In simple terms, the cost of dispatchable power from a battery, at $0.23/kWh in this example, is currently higher than the 25 year levelised cost of a gas peaker ($0.18-$0.21/kWh). However, the cost advantage is reasonably small – at 10-20%. And importantly, this analysis focuses solely on peaking capacity/energy arbitrage (supply of energy at peak demand), it completely ignores revenues derived from Frequency Control and Ancillary Support (FCAS) services (grid stability services). As the Hornsdale Power Reserve shows, FCAS revenue can be meaningful – in the first two years revenues have exceeded the cost of the Hornsdale battery (https://ieefa.org/big-battery-in-australia-proves-profitable-as-neoen-recovers-capital-costs-in-just-two-years/ ). If the forecast battery price of $200/KWh is achieved, then the battery would smash the peaker with around half the levelised costs. And interesting enough, the price of vehicle batteries (a good proxy for utility scale storgare) is circa AUD230 kwh today according to Bloomberg New Energy Finance (https://about.bnef.com/blog/battery-pack-prices-fall-as-market-ramps-up-with-market-average-at-156-kwh-in-2019/).


This underpins my expectation that a gas peaker built today won’t get to operate for its full operating life. This is important – if you reduce the operating life assumption for the gas plant to 10 years – its levelised cost increases $0.25 to $0.31 (or $0.17 to $0.24 on a capital cost only basis). That is, if you acknowledge the likelihood that the gas plant will have a short operating life, then batteries are already cheaper as a source of dispatchable power.


And it is for this reason that the Government’s pro gas agenda is likely to receive a lukewarm reception from investors. In particular, a new gas plant is likely to require a subsidy from government, where new batteries are being developed on a subsidy free basis.


If the government wanted to kick start the delivery of dispatchable power (and get ahead of the inevitable coal plant retirements over the decades ahead) they would be better to:


· Invest effort in getting the market design right to reward those who deliver sustainable dispatchable capacity to the market. Under the current energy only market it is difficult for market participants to be appropriately rewarded for dispatchability. Importantly, any market mechanism needs to focus on appropriate signals for sustainable dispatchable capacity. That is distinguish between subsidising existing fossil fuel plant (ie rewarding capital that is already sunk) versus providing appropriate price signals for new dispatchable capacity.

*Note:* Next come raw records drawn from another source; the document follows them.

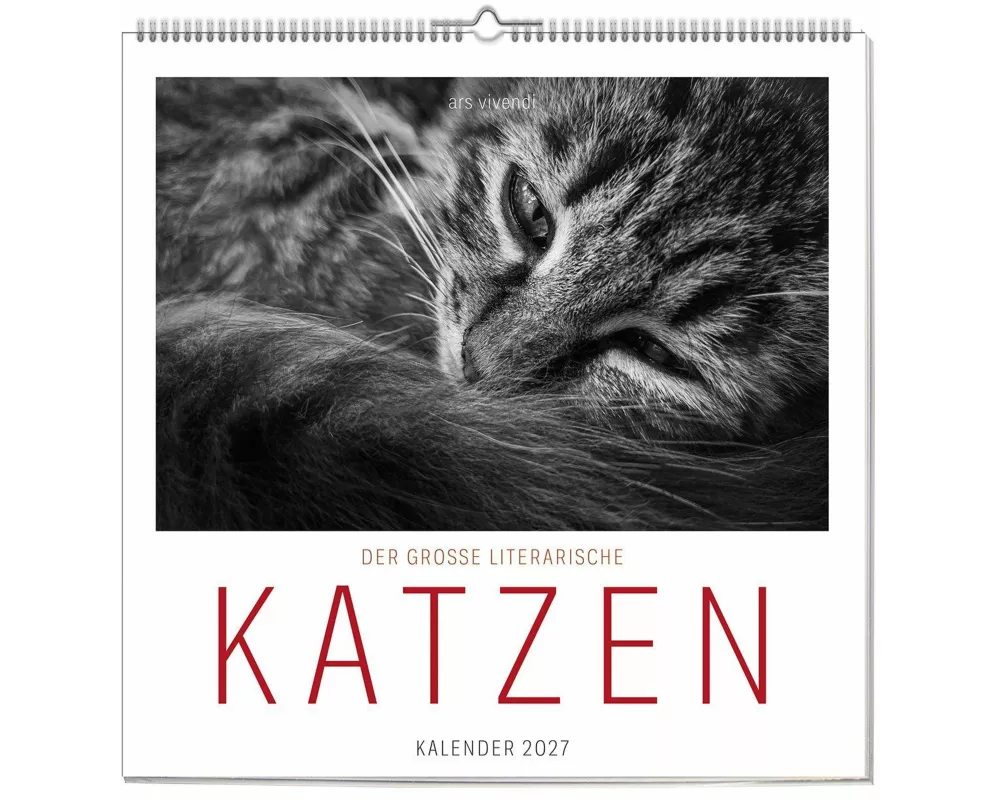 Der grosse literarische Katzen Kalender 2027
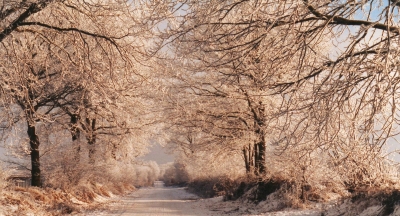 winter 1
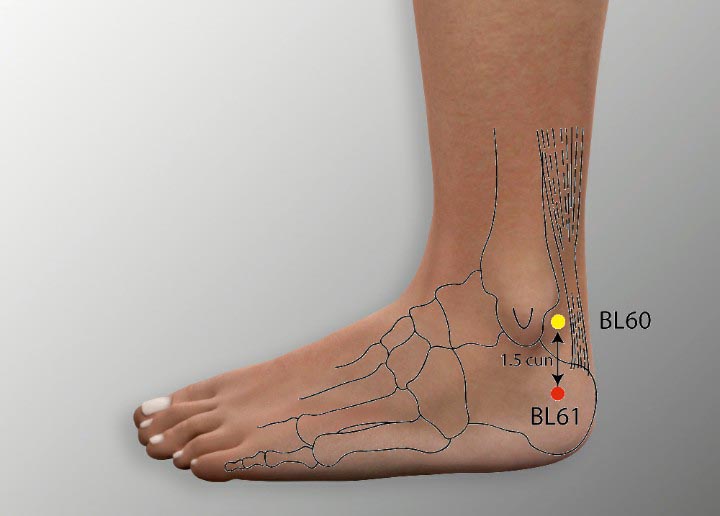 BL61 acupuncture point location - Acupoints.org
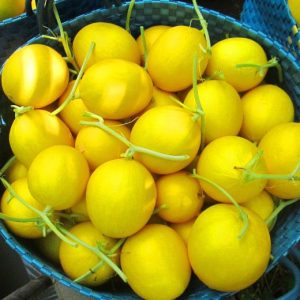 Gói 0.2GR hạt giống Dưa Lê F1 Kim Hoàng Hậu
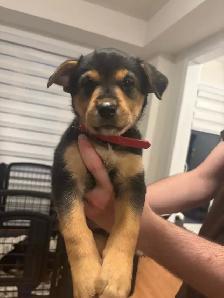 German Shepherd, Alaskan Malamute, Border Collie and Lab mix - Photo 3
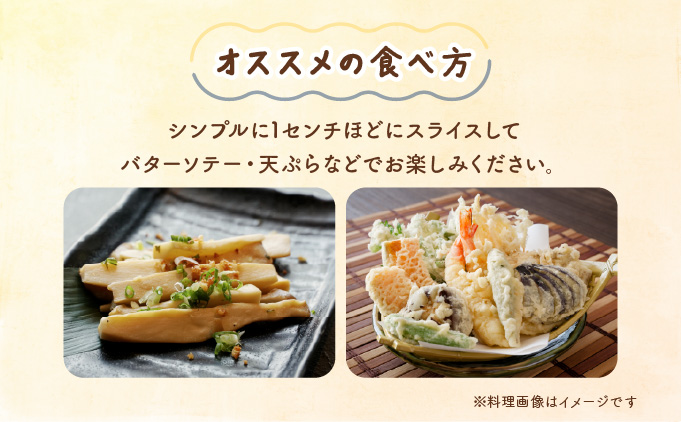 珍しいきのこ　王リンギ5パック AT18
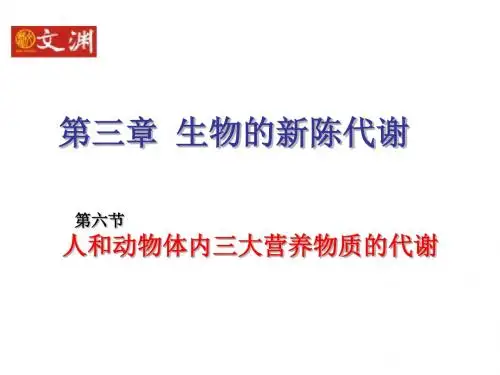 人和动物体内三大营养物质的代谢(201909)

· Run availability payment auctions for new dispatchable capacity that are aimed at bringing forward new investment in dispatchable capacity. These could involve a range of technologies from utility scale batteries, pump hydro, fleets of household level batteries or even demand response. That is, spend government money on bringing forward the future, rather than handouts to bring back the past – perhaps David Rowe’s cartoon from the AFR illustrates it best.


[1] A third source of dispatchable energy is demand response which is beyond the scope of this article because it is difficult to estimate the marginal cost of adjusting demand.